Cognitive AI is a unique market, where seemingly similar services are available at up to 100x different prices.
Also, the quality of service depends on how data used by the vendor to train its models is similar to the data to be processed. All these make the comparison and evaluation a must.
At the same time, the evaluation is expensive and cumbersome because of the vast difference in the service APIs. Intento simplifies it by providing the same interface to all those services.

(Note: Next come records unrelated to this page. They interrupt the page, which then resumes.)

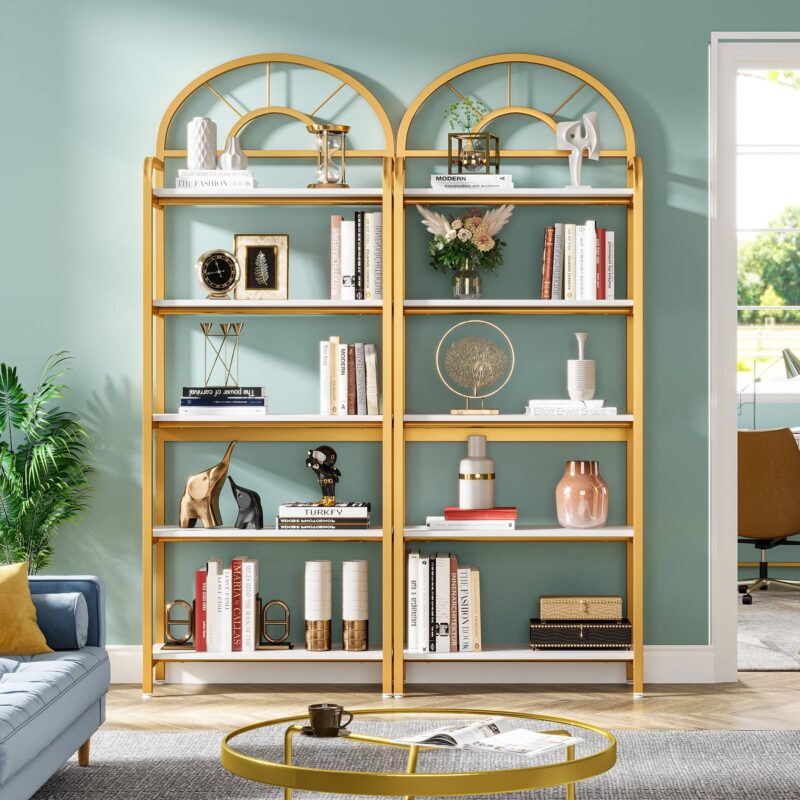 Bookshelf, 5-Tier Modern Arched Etagere Bookcase Storage Rack - Image 7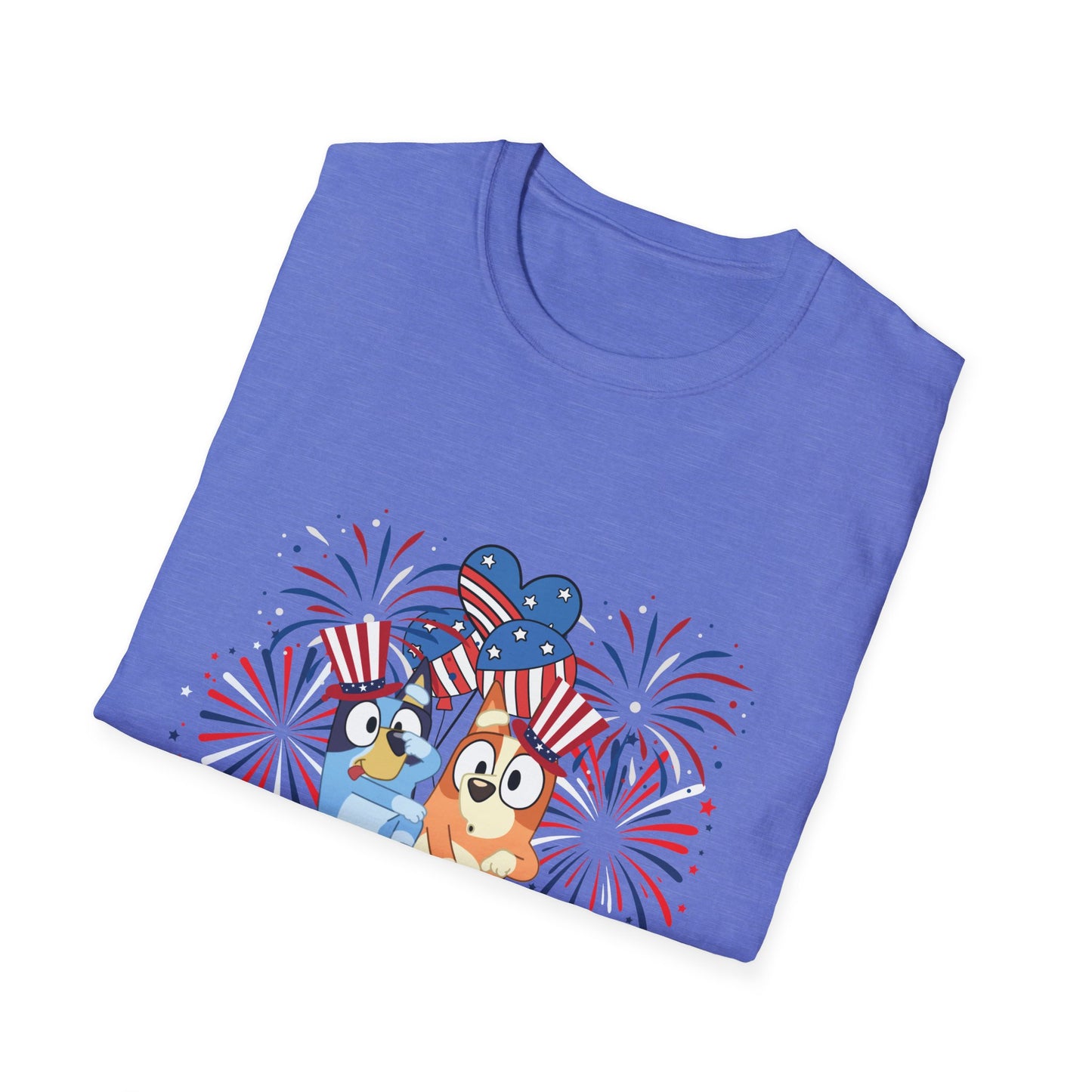 Patriotic Blue Dog Adult T-Shirt | USA Flag Dog Tee | 4th of July Shirt | American Pride | Unisex Summer Outfit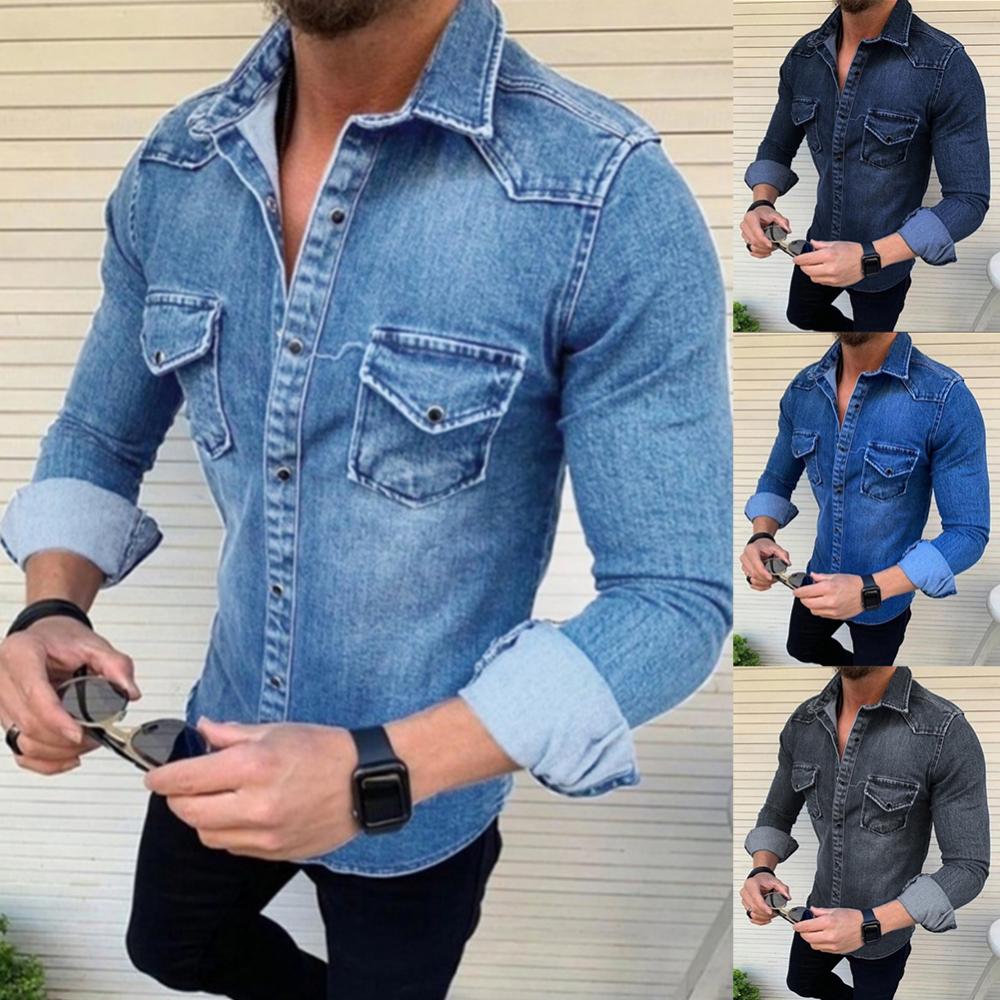 Spring Autumn Denim Shirts Men Top Long Sleeve Jeans Shirts for Men Single-breasted Casual Shirts chemise homme рубашка мужская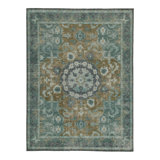 Oriental Hand-Knotted Rectangle 9'2" x 12' Cotton/Wool Area Rug in Blue/Yellow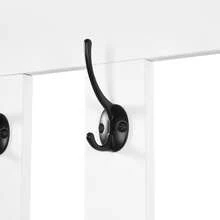 Hallway Cabinet, Shoe Cabinet With Cushion Storage, Multifunctional With Power Outlet, With 4 Hooks, Black, White, H180 / W100 / D35 Cm - White - View 5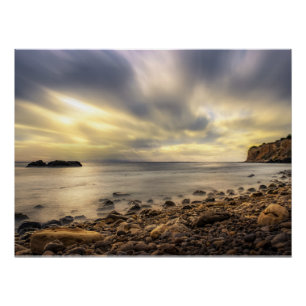 Golden Drift at the Edge of the Sea Poster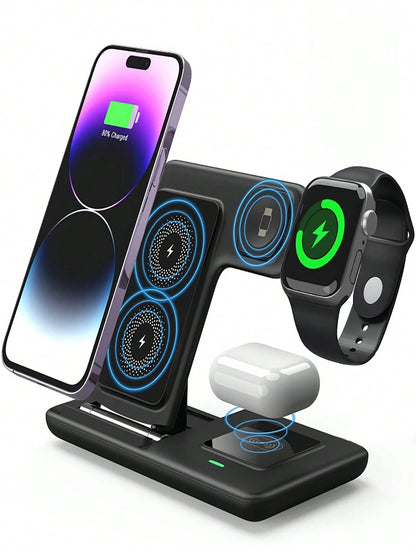 SUONEE 3-in-1 Wireless Charging Station for iPhone, Watch & AirPods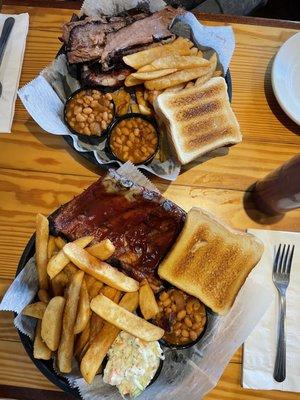 Babyback rib dinner plate and smokehouse ribs w/brisket dinner plate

Recently we have integrated many Sentiment Analysis services. In this overview, we share some insights we got during the integration. We compare 15 Cloud Sentiment Analysis services, which support a total of 23 languages. The prices vary from $1 to $99 per 10,000 API calls across base tiers of different vendors.

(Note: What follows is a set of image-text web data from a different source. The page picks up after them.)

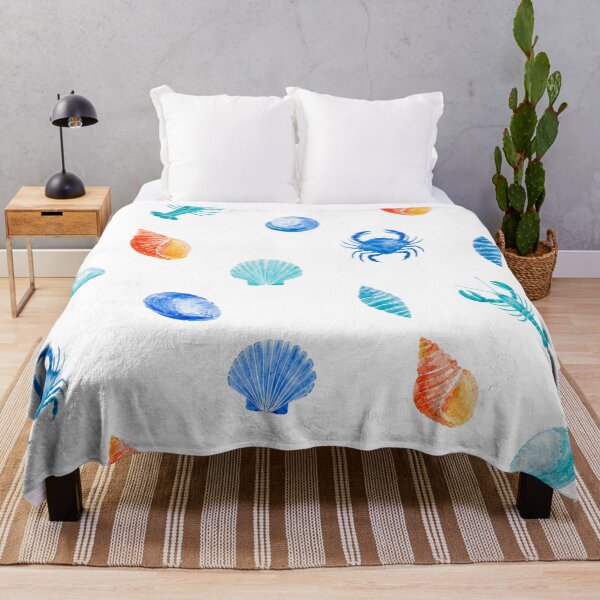 Item preview, Coastal Seashells & Lobsters Pattern | Blue Nautical Marine Life Illustration designed and sold by Ramona-Gliga.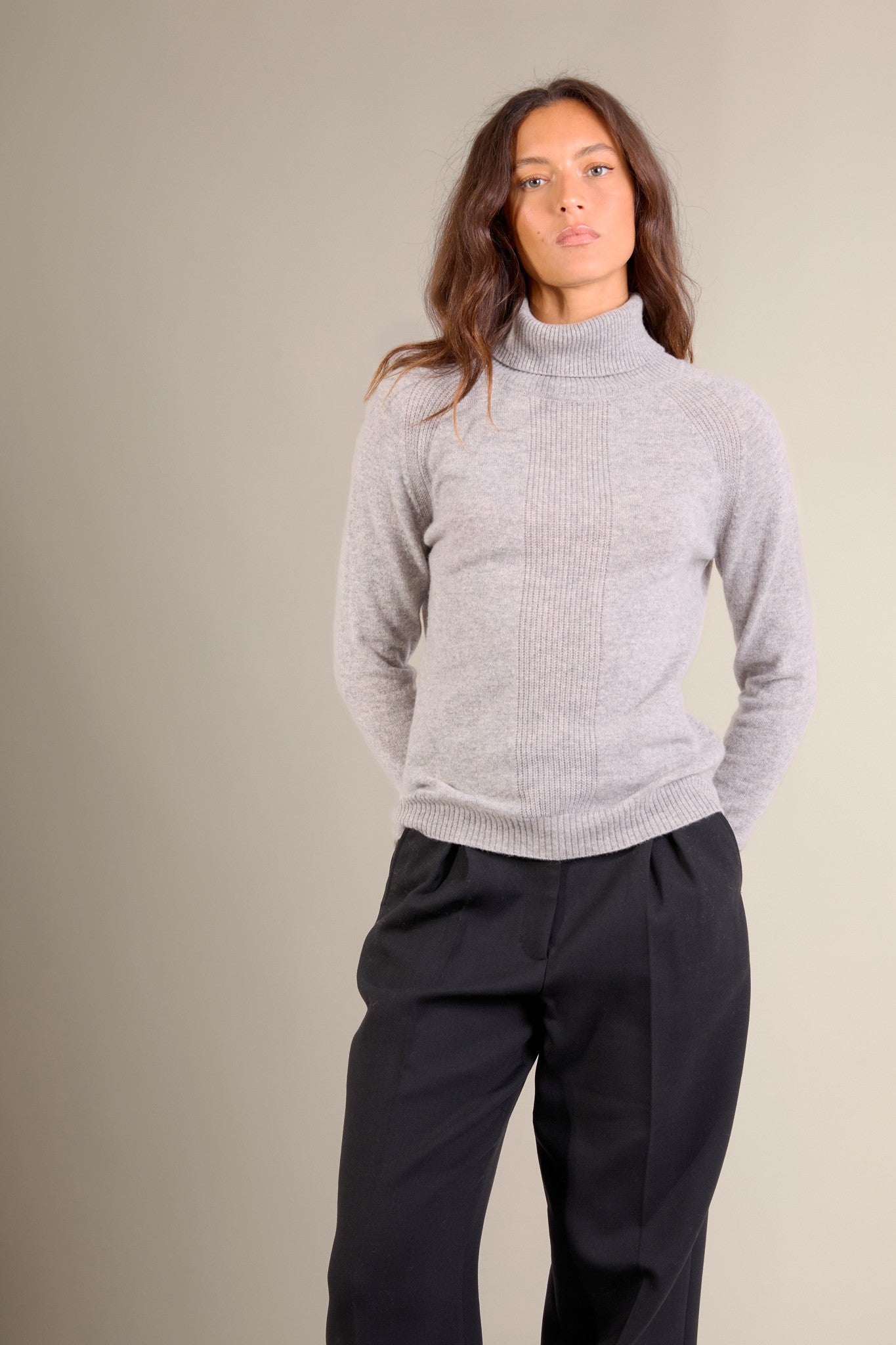 florivien pull col roulé nuage chiné 100% cachemire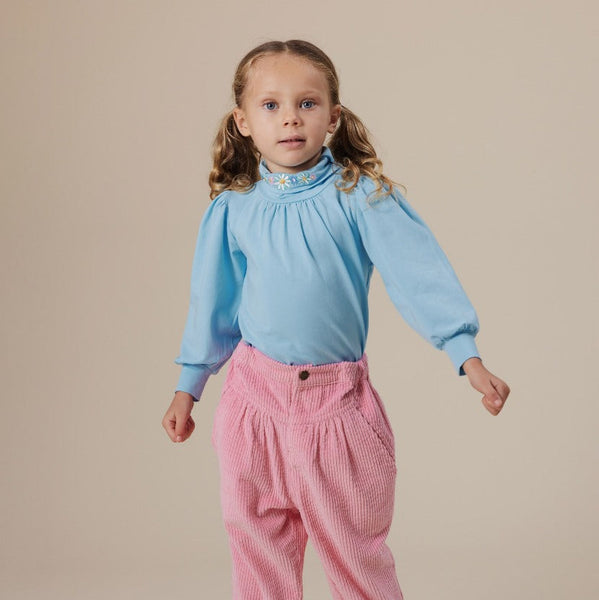 Goldie & Ace - Sophia Embroidered Puff Sleeve Skivvy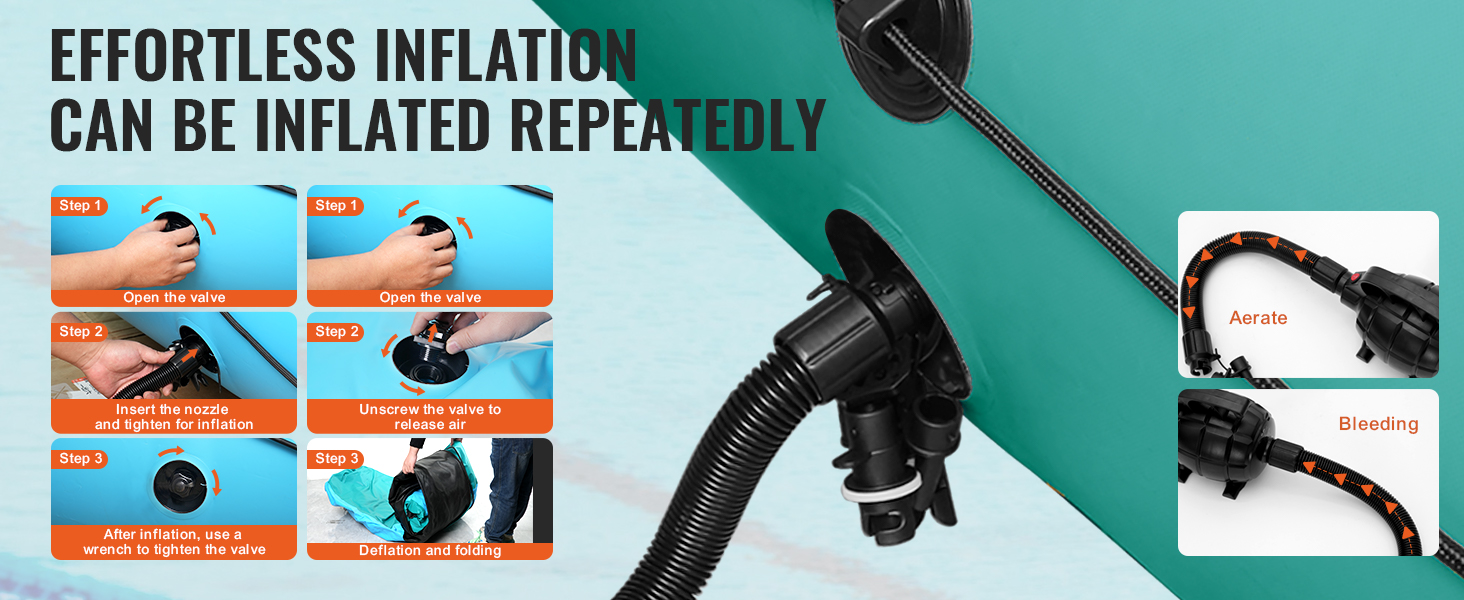 effortless inflation with VEVOR inflatable water bouncer, showing steps to inflate and deflate repeatedly.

Slides from this report are also available on Slideshare.
We have compared 15 Cloud Sentiment Analysis services with pre-built models, provided via public APIs.
Four of them are hosted on the Algorithmia marketplace. We evaluate services with public API and public pricing, with two exceptions: Salesforce Einstein, which bundles with Salesforce subscription and TheSay PreCeive, which does not have public pricing.
Here is the list in alphabet order:
- LexSent by hyindao at Algorithmia
- Sentiment Analysis by mtman at Algorithmia
- Sentiment Analysis by nlu at Algorithmia
- Social Sentiment Analysis by nlu at Algorithmia
- Amazon Web Services Comprehend
- Aylien Text Analysis
- Boson NLP Sentiment Analysis
- Google Cloud Natural Language
- IBM Watson NLU
- Meaning Cloud Sentiment Analysis
- Microsoft Cognitive Services Text Analytics
- Repustate Text Analytics
- Salesforce Einstein Language
- Twinword Sentiment Analysis
- TheSay PreCeive
You may find the full list of services we compared together with links and some other details in the Slideshare deck.
Sentiment analysis aims to determine the attitude of a speaker, writer, or other subject with respect to some topic or the overall contextual polarity or emotional reaction to a document, interaction, or event. [Wikipedia]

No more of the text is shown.